I know I am one of the rare ones on this site who rides Saddleseat(or maybe the only one, I don't know) but I thought this was very neat! I can't wait to be able to show in it next year or maybe even this fall! I love the fact that the variable of who's daddy bought them the best horse is out of the equation with this show. Draw your horse, adjust your stirrups and show. Oooh, I'm so excited. I have requested off work to go and watch.

http://www.trot.org/forum/showthread.php?t=1252

The Intercollegiate Saddle Seat Riding Association (ISSRA) will host a horse show open to any full-time college student in good academic standing on Saturday, May 3rd immediately following the Academy Show at the Spring Premier Horse Show at the Kentucky Horse Park, Lexington, Kentucky. The show will give college students from around the country a chance to meet and compete with students from other colleges!

Horses for this horse show are provided by local riding schools including Shadow Run, Sunrise Stables and Morehead State University and are available on a first come first serve basis. If you are interested in showing as an individual or forming a team from your college for this horse show..................you better hurry to enter! There are classes for all levels of riders including riders who have shown at the World Championship Horse Show, regional "A" level shows, county fairs, academy shows, winter touraments, etc.............and for those which whom have never shown at a horse show.

Riders for ISSRA shows draw the name of a horse appropriate to their riding level out of a hat, mount, adjust their stirrups and enter their class with no warm up. Riders must pre-enter this horse show and join the ISSRA in order to show at this show. The entry fee per class is $35 and individual membership in ISSRA is $35. If you form a team at your college the team fee is $80. All individual riders and teams must have a coach approved by the ISSRA. If you do not have a coach, one can be assigned to you prior to the horse show.

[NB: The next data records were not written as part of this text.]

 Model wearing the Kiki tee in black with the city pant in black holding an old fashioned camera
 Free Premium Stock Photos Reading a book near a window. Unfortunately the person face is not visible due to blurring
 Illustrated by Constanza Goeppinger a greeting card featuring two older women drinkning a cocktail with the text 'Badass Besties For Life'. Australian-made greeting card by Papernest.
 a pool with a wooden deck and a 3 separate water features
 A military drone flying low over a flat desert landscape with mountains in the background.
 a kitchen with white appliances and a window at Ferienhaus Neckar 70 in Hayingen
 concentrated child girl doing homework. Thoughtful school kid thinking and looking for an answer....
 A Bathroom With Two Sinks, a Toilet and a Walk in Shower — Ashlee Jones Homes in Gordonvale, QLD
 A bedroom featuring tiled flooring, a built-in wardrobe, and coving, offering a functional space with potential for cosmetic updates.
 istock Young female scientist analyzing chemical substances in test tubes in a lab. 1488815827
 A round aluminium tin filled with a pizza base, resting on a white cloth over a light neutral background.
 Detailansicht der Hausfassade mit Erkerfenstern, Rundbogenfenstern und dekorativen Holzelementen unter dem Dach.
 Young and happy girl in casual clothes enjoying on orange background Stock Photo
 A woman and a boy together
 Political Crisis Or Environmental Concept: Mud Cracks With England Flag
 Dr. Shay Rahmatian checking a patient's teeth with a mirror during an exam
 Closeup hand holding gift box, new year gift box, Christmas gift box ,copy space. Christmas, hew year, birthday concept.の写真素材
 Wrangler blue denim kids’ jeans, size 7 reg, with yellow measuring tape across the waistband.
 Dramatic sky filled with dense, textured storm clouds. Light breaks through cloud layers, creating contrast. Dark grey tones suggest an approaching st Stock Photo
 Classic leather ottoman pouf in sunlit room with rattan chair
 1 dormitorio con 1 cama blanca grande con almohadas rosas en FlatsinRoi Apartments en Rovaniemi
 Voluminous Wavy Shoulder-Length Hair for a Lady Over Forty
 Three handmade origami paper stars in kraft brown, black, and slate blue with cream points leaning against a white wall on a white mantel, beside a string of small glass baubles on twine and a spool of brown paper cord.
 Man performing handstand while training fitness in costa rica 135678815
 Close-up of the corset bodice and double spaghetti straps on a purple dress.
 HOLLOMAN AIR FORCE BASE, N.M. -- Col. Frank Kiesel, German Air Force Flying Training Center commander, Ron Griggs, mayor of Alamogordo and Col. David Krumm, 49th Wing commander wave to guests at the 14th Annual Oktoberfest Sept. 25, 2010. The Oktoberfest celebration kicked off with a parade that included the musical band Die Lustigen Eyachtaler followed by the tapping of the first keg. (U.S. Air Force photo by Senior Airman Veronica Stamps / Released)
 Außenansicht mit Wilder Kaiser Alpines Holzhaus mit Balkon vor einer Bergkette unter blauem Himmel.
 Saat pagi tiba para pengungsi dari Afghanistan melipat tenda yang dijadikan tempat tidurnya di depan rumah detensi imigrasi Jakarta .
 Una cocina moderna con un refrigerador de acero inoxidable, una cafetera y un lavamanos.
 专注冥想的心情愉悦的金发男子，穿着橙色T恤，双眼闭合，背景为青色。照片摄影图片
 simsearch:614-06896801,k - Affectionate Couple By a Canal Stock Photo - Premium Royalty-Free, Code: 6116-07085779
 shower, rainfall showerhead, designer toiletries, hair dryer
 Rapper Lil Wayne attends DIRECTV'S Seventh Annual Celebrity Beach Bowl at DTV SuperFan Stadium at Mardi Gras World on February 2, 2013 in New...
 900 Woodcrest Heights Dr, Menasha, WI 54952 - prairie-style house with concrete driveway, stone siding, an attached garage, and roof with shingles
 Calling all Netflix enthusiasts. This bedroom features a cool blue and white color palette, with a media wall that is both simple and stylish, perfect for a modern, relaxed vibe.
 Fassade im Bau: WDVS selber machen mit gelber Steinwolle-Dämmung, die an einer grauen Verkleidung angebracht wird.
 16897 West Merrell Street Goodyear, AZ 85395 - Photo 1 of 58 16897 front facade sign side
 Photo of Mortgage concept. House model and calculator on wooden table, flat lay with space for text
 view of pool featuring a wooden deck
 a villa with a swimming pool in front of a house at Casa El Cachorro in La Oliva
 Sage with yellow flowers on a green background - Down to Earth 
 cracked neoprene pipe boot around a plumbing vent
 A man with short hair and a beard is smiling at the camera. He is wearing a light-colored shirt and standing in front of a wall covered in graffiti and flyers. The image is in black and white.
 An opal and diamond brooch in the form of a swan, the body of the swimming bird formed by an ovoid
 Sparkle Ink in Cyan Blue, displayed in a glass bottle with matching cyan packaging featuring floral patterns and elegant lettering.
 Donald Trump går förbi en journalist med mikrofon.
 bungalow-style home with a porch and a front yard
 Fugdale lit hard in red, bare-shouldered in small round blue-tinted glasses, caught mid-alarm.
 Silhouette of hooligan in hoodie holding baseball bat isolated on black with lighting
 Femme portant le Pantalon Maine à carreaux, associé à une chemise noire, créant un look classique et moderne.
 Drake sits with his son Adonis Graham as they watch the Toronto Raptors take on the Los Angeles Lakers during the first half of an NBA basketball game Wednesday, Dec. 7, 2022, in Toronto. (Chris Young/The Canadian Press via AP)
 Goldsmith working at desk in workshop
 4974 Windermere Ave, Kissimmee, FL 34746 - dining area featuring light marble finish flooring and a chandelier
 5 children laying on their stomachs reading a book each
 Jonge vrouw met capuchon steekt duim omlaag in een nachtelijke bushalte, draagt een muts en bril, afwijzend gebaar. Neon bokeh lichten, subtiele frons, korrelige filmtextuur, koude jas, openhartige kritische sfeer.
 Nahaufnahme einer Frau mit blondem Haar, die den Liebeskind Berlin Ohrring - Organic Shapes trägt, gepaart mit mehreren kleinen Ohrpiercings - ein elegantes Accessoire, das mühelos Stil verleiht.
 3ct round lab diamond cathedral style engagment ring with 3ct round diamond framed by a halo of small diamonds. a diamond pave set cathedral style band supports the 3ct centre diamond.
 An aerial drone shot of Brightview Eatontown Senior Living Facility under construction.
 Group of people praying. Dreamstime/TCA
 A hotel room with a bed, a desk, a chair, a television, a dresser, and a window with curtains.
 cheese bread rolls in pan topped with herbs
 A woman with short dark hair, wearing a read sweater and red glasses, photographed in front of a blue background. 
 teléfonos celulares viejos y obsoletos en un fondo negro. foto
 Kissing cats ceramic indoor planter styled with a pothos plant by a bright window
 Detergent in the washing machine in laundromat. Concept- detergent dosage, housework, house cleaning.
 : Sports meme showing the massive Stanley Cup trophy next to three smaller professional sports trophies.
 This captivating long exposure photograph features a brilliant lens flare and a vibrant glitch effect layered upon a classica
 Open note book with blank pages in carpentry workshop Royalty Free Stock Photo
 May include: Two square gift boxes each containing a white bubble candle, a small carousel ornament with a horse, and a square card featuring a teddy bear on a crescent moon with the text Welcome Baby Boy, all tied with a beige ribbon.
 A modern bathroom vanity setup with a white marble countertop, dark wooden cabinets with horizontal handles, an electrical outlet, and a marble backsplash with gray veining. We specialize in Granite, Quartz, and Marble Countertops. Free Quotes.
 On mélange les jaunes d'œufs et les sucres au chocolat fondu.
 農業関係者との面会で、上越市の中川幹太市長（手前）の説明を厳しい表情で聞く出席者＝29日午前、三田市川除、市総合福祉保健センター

For more information, entry forms and membership applications, contact Sally at [email protected] or at (859) 519-0949 (cell) or (859) 873-9129.


----------



## saddleseatsweetie (Jun 8, 2008)

very cool, i ride saddleseat also, so your not alone on the site!


----------



## thunderboomer (Jun 20, 2008)

saddleseat here to, but i do arabs and half arabs. I think they should do more of the horse switching thing, especially in equitation, it really shows the judge how well you can ride


----------